Increasingly, with the adoption of DevOps, microservices and cloud computing, the way we think about observability is changing. The days of pushing products into production and waiting for users to let you know it’s broken are long gone. Or should be.
“You know how many things can break before users notice?” Charity said. “A third of Amazon can go down, and you should never notice if you’ve done your job correctly and balanced across availability zones. Your job is to make it so that lots of things can break, humans can notice at their leisure, and remediate them before it ever gets to the point that users notice.”
While Charity thinks “everyone” tests in production but not always intentionally, she’s set her sights on a different goal: Get everyone to understand that all testing is done in production and plan for that.
The complexity of today’s world doesn’t allow for anyone to predict all the problems developers will encounter during the software development lifecycle. “This is just a fundamentally different world than the 20, 30-year-old system where the whole study of monitoring and metrics were where it comes from,” Charity noted.
Observability was originally defined by control theory as the ability to understand the inner workings of a system by asking questions from the outside, Charity explained during the podcast.
Because you need to be able to dynamically ask ad hoc questions of your data, you need to capture it at a level of granularity where nothing has been pre-aggregated, or even indexed, she said,. Once you get that granularity, you can start getting real observability, which is critical in the world of stacks built with dozens or hundreds of microservices.
In order to support this, Honeycomb wrote its own storage engine, and added compression to speed up query time. And shifted their perspective from looking for events instead of metrics.
Metrics are good for describing the health of the system or the component as a whole, but when a software engineer is debugging the intersection of your code with that system? She said the only thing they care about is: Can each request execute from start to finish, successfully?
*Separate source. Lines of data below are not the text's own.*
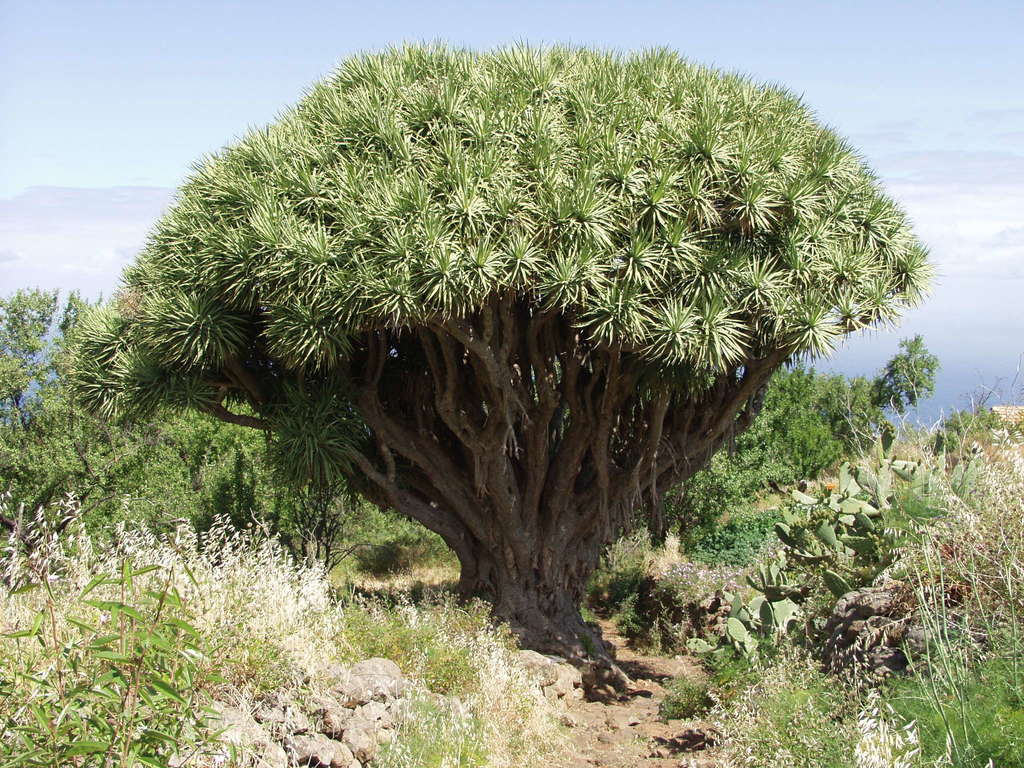 Canary Island Dragon Tree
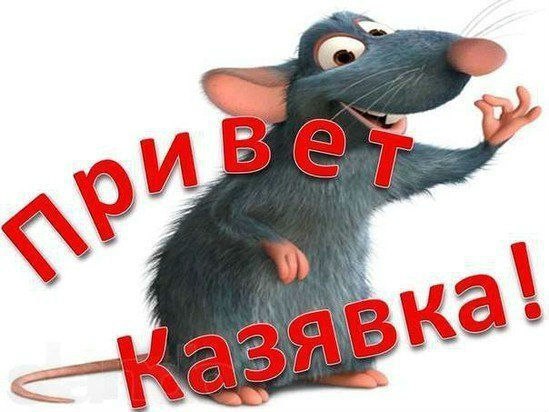 Приколы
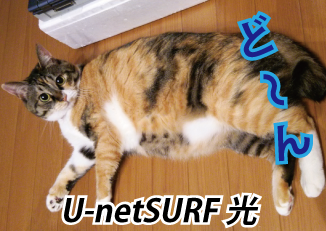 U-netSURF́ANTT{^NTT{񋟂ő1GbpšT[rXitbclNXgjƃC^[lbgڑT[rXZbgŒ񋟁BR{[VfB
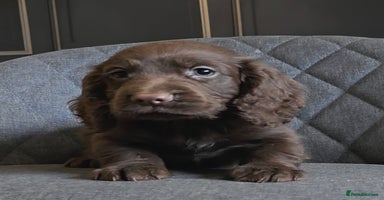 Cocker Spaniel dogs - Advert 5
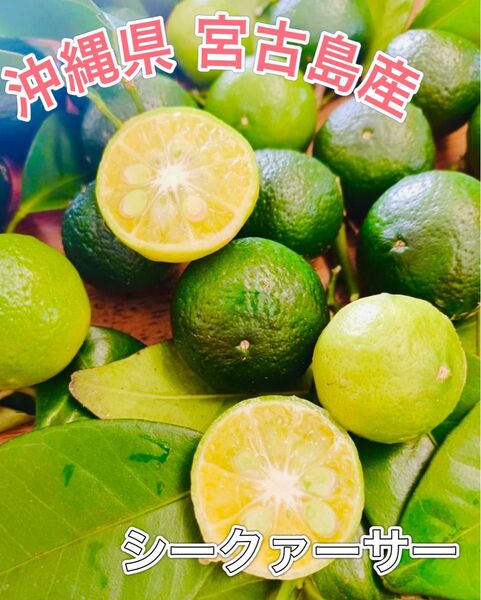【SALE】シークワーサー シークァーサー 沖縄県 宮古島産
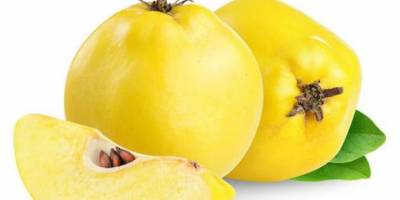 Eczane gibi meyve: ayva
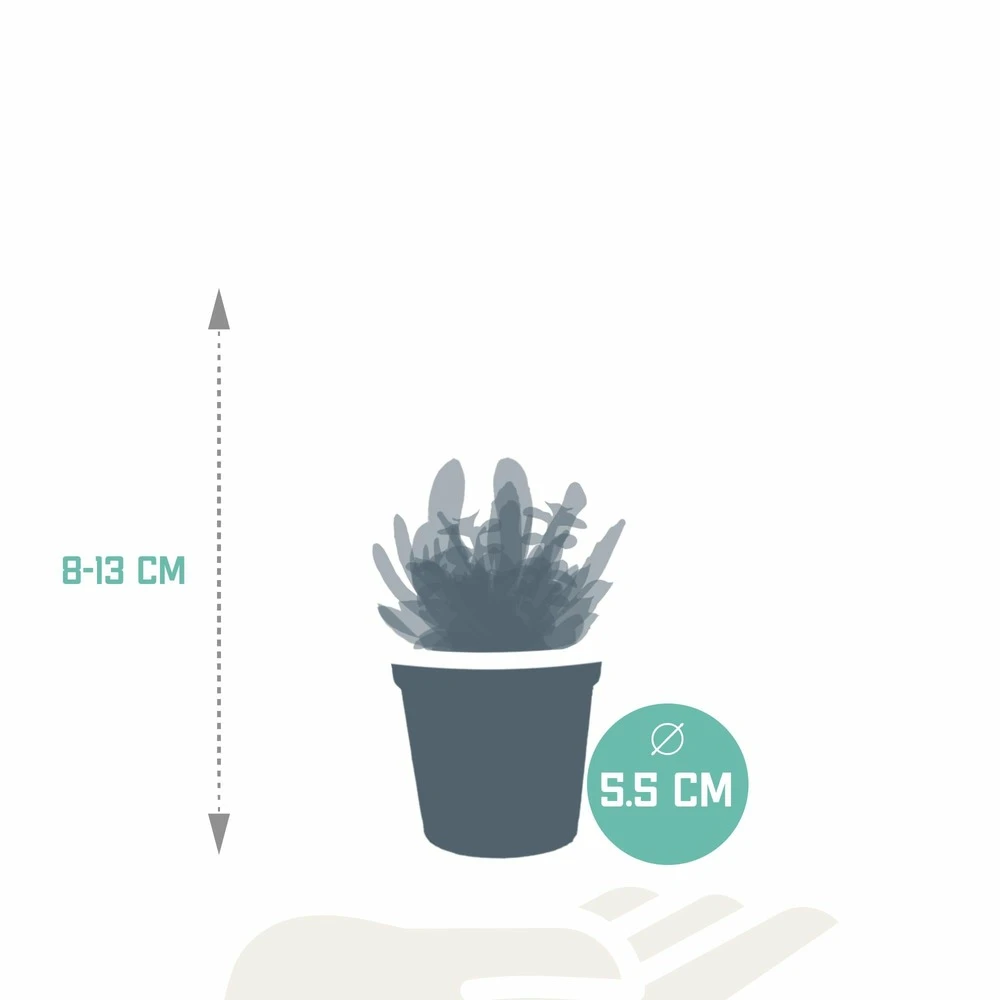 Succulentes, Box De 10 Plantes - H13cm, ø5,5cm - Plantes D'intérieur 2 Succulentes, Box De 10 Plantes - H13cm, ø5,5cm - Plantes D'intérieur – Image 2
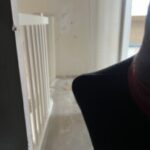 Profielfoto van Koel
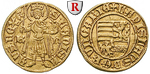74062 Ladislaus V., Goldgulden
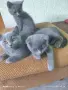 британски котенца , снимка 4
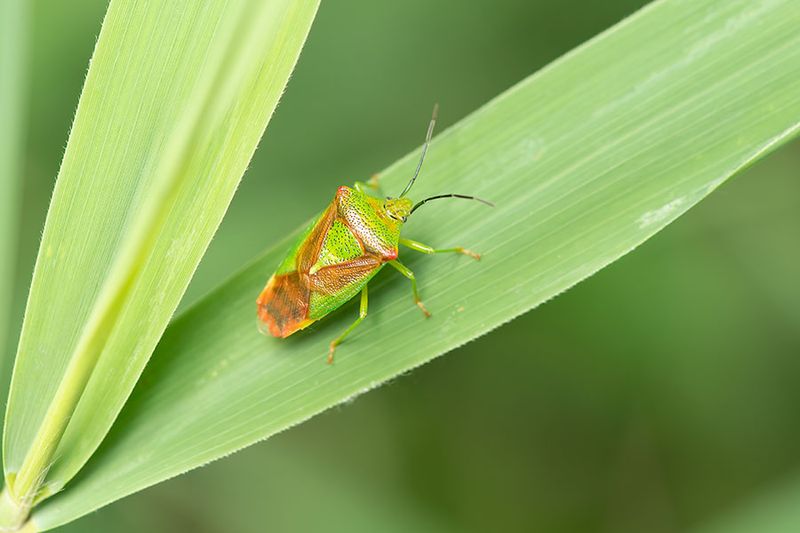 Insecten/Insects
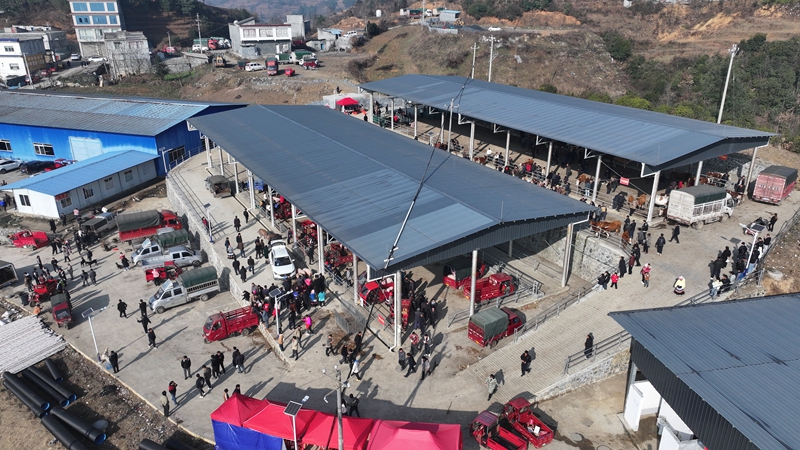 倮柱牲畜交易市场侧面 谢永奇 摄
With the continuous delivery (CD) becoming more and more integrated into organizations so they remain competitive, the lines are blurring between when testing occurs. Instead, the best way to do so is with feature flags. Developers can selectively test features with just their team or with some beta groups.
“I feel like the only way that you can know that you can gain confidence in what you’re doing is through observability,” she said. “This is key to continuous delivery, because if you don’t have this concept of partial baking and gradually gaining confidence, you’re in for a lot of bad surprises and rollbacks that just kind of grind the whole pipeline to a halt, right?”